In php tutorial we will see how to read word document .doc and .docx into browser. Generally it is not possible to read word file into browser with php. While pdfs can easily be embed into html.

But here we will see two different method which works well to displays characters from word .doc and .docx file.

To create .docx files with php you can use phpdocx. While if you wanna create pdf you can use fpdf and mpdf.
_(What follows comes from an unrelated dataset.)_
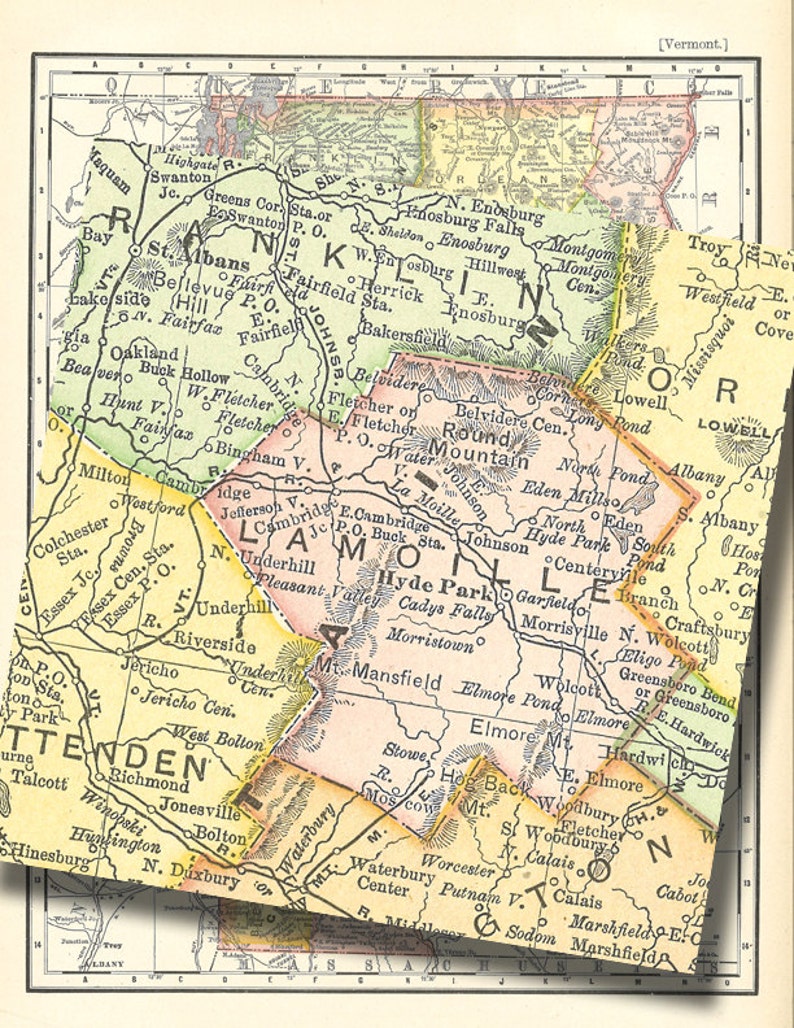May include: A vintage map of Vermont, USA, showing the state's towns and cities. The map is divided into sections, each with a different color. The map is printed on a yellowed paper with a faded border.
I suggest you to prefer method 1

Method 1: COM object to read MS WORD files. This works well with .docx and .doc


<div style="border:2px solid #1a4572; width:720px;padding:15px">
<?php

$filename = 'msword.docx';
$word = new COM("word.application") or die ("Could not initialise MS Word object.");
$word->Documents->Open(realpath($filename));

// Extract content.
$content = (string) $word->ActiveDocument->Content;

echo nl2br($content);

$word->ActiveDocument->Close(false);

$word->Quit();
$word = null;
unset($word);
?>
</div>


Method 2 : This works well with .doc 

if(file_exists($filename))
{
    if(($fh = fopen($filename, 'r')) !== false ) 
    {
       $headers = fread($fh, 0xA00);

       // 1 = (ord(n)*1) ; Document has from 0 to 255 characters
       $n1 = ( ord($headers[0x21C]) - 1 );

       // 1 = ((ord(n)-8)*256) ; Document has from 256 to 63743 characters
       $n2 = ( ( ord($headers[0x21D]) - 8 ) * 256 );

       // 1 = ((ord(n)*256)*256) ; Document has from 63744 to 16775423 characters
       $n3 = ( ( ord($headers[0x21E]) * 256 ) * 256 );

       // 1 = (((ord(n)*256)*256)*256) ; Document has from 16775424 to 4294965504 characters
       $n4 = ( ( ( ord($headers[0x21F]) * 256 ) * 256 ) * 256 );

       // Total length of text in the document
       $textLength = ($n1 + $n2 + $n3 + $n4);

       $extracted_plaintext = fread($fh, $textLength);

       // simple print character stream without new lines
       //echo $extracted_plaintext;

       // if you want to see your paragraphs in a new line, do this
       echo nl2br($extracted_plaintext);
       // need more spacing after each paragraph use another nl2br
    }
}